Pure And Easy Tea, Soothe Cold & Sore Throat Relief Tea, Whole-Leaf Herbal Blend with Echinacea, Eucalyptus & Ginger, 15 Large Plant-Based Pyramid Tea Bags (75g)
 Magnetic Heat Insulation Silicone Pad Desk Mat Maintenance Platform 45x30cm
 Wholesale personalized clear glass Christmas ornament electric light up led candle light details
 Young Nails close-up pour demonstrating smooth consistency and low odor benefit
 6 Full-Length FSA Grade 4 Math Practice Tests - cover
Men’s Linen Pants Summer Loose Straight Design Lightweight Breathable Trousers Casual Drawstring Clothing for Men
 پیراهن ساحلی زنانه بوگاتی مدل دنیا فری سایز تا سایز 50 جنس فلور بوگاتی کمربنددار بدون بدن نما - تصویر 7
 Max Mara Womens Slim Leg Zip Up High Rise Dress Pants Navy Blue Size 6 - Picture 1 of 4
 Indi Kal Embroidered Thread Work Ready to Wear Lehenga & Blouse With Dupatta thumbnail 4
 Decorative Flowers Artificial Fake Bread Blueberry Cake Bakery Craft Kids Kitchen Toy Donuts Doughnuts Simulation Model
┄┄┄┄┄┄
> **REQUIRED ACTION**: Reproduce exactly every line that sits between the start of the entries and the line bearing "Magnetic Heat Insulation", counting both of those lines.

> **TASK RESULT**:
Pure And Easy Tea, Soothe Cold & Sore Throat Relief Tea, Whole-Leaf Herbal Blend with Echinacea, Eucalyptus & Ginger, 15 Large Plant-Based Pyramid Tea Bags (75g)
 Magnetic Heat Insulation Silicone Pad Desk Mat Maintenance Platform 45x30cm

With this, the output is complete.